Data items
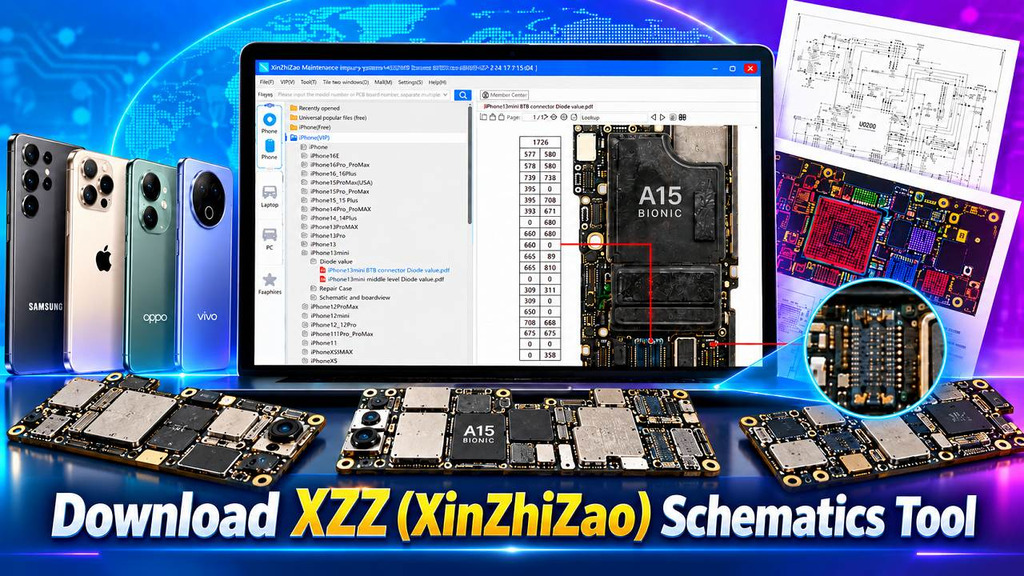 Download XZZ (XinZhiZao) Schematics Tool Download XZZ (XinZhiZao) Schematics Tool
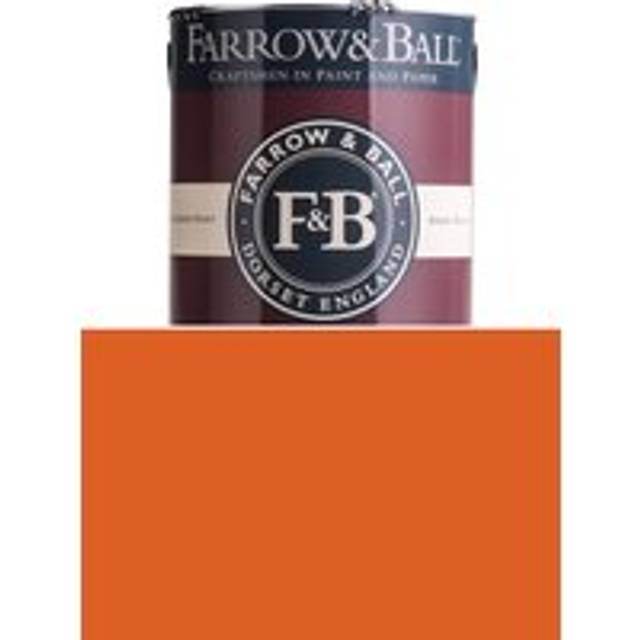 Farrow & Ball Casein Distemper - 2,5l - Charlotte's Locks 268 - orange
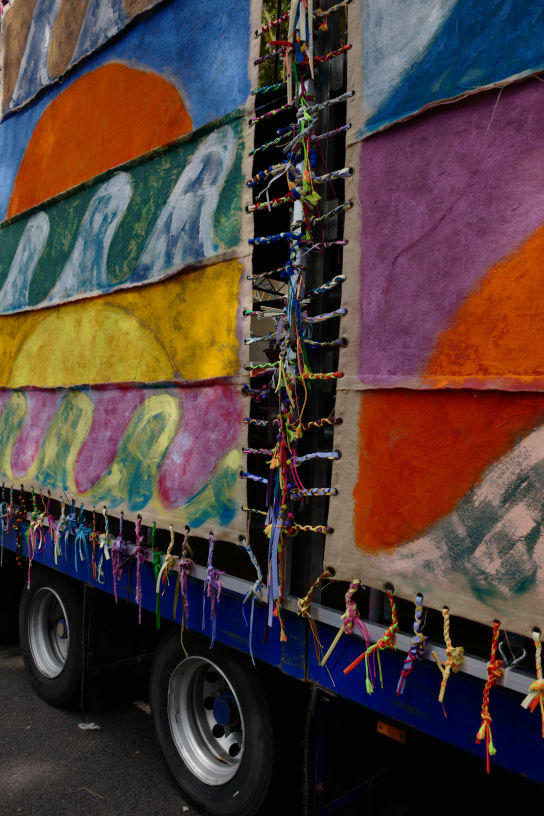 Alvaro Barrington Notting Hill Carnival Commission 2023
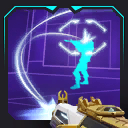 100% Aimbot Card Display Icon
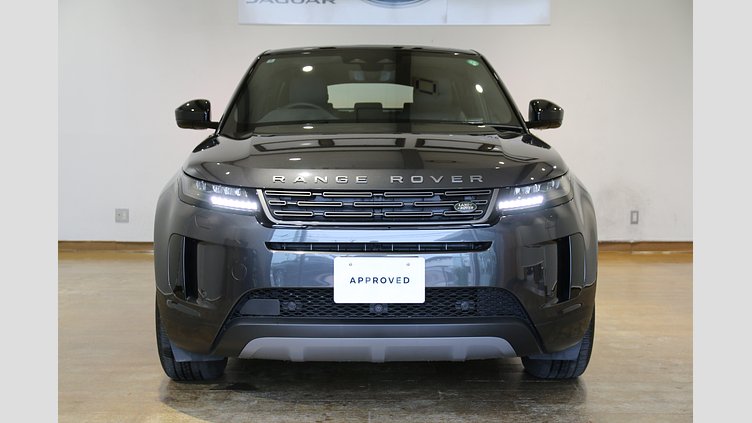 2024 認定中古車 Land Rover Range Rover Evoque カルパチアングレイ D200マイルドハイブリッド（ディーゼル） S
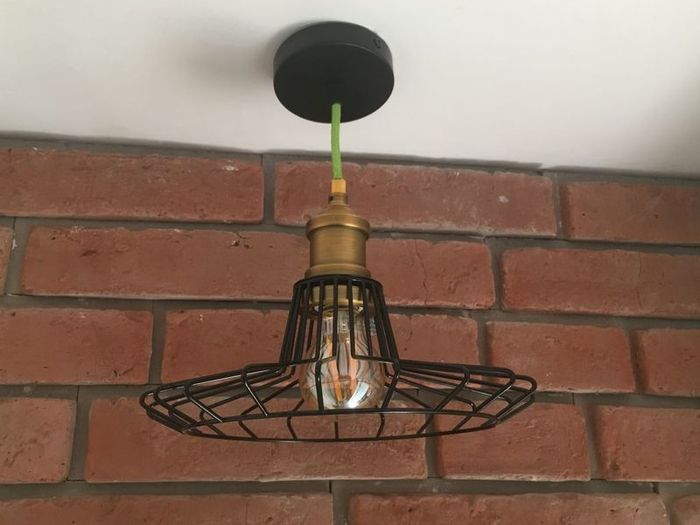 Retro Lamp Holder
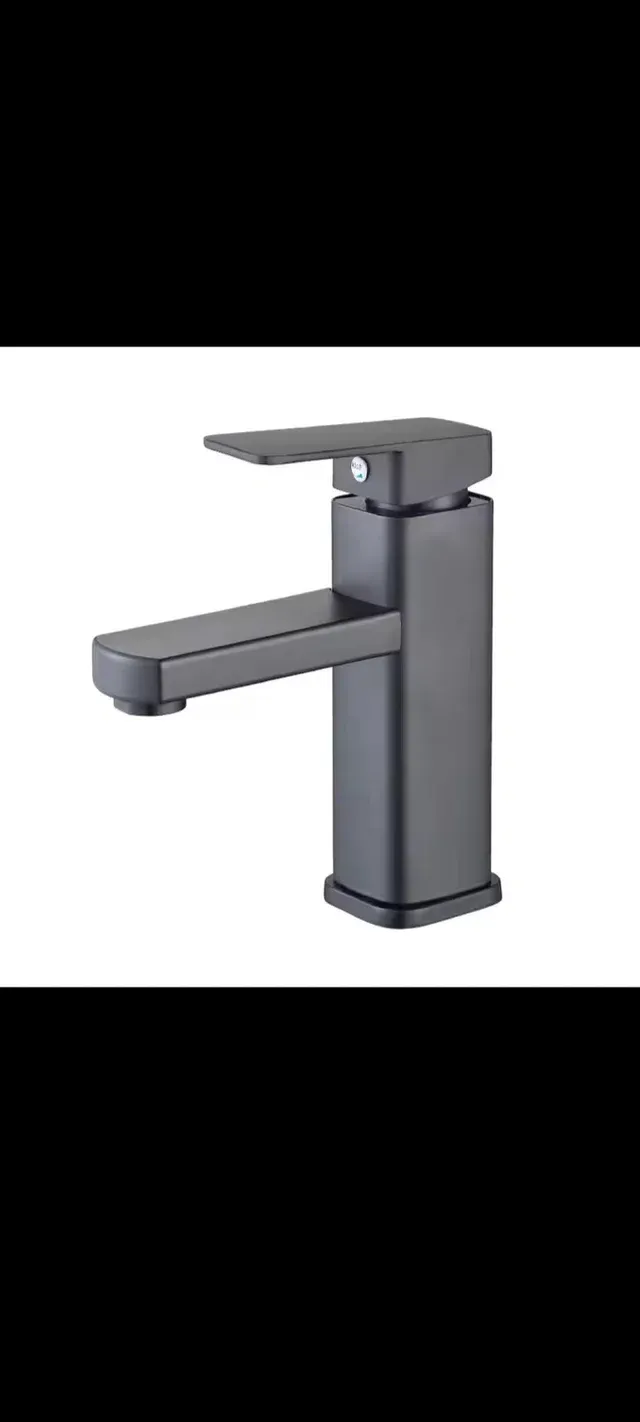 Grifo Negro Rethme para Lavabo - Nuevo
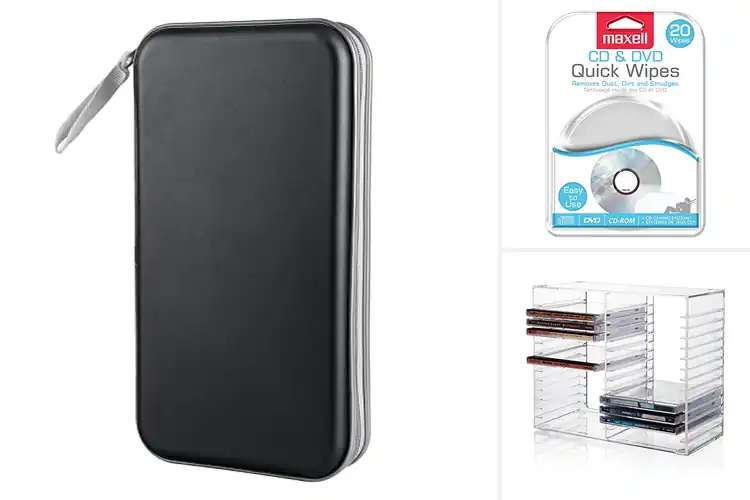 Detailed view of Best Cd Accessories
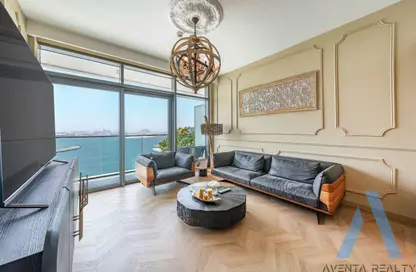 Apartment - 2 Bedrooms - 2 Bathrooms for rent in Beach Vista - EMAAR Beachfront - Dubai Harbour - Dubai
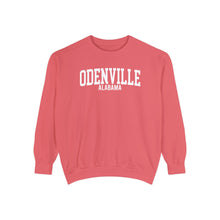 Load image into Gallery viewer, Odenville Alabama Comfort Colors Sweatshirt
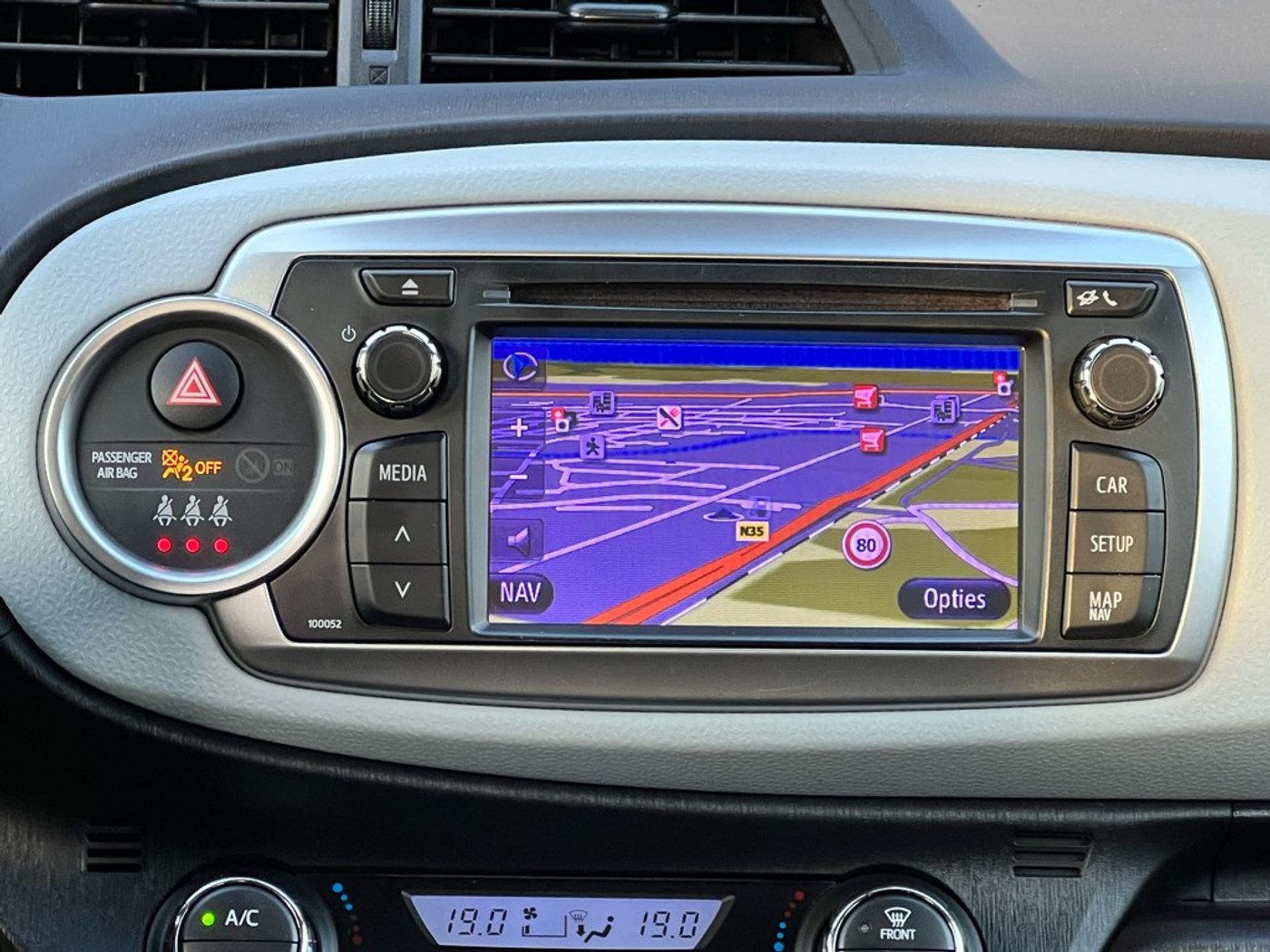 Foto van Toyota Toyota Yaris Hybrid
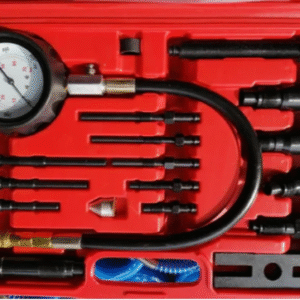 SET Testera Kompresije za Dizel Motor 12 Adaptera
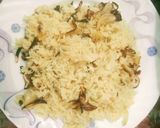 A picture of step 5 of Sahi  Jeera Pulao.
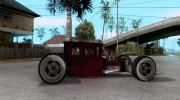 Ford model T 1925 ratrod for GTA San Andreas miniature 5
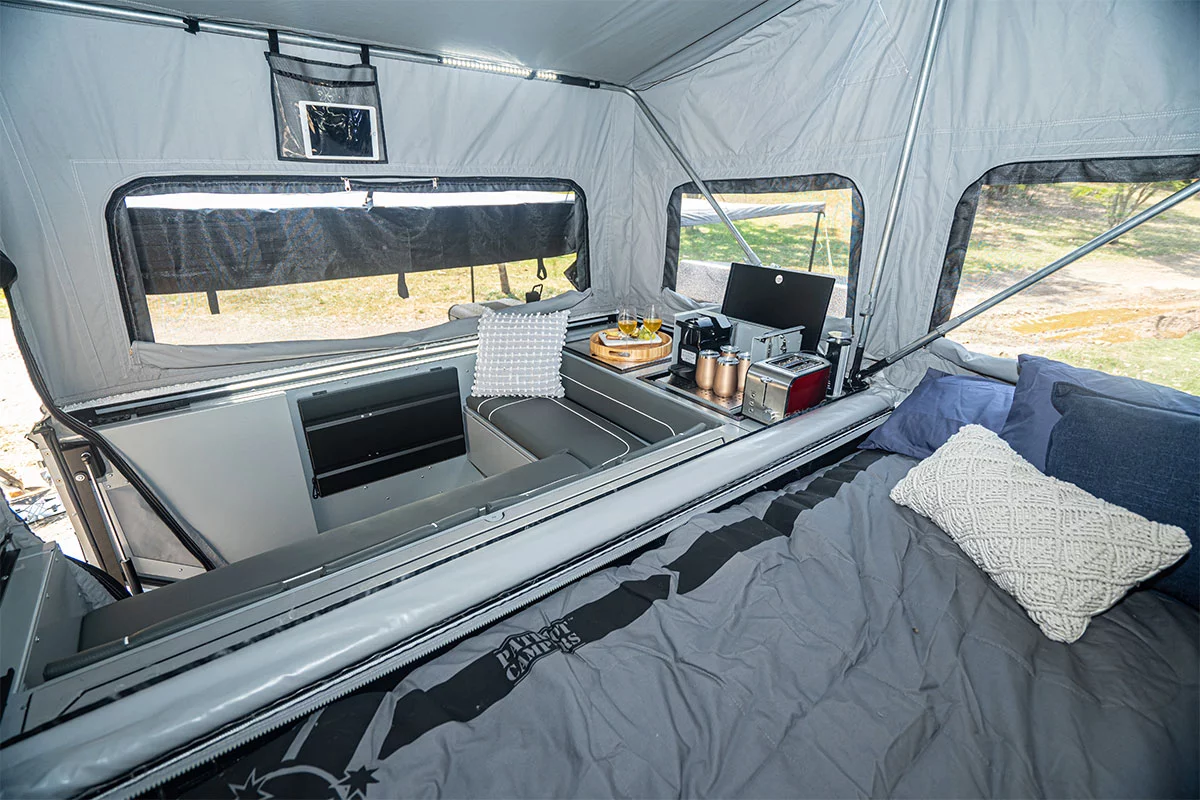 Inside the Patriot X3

Exercise
Reproduce the data above exactly, but only the lines from the one showing "Alvaro Barrington Notting" through the one showing "SET Testera Kompresije", with both ends kept and the pictures left out.

Your response
 Alvaro Barrington Notting Hill Carnival Commission 2023
 100% Aimbot Card Display Icon
 2024 認定中古車 Land Rover Range Rover Evoque カルパチアングレイ D200マイルドハイブリッド（ディーゼル） S
 Retro Lamp Holder
 Grifo Negro Rethme para Lavabo - Nuevo
 Detailed view of Best Cd Accessories
 Apartment - 2 Bedrooms - 2 Bathrooms for rent in Beach Vista - EMAAR Beachfront - Dubai Harbour - Dubai
 Load image into Gallery viewer, Odenville Alabama Comfort Colors Sweatshirt
 Foto van Toyota Toyota Yaris Hybrid
 SET Testera Kompresije za Dizel Motor 12 Adaptera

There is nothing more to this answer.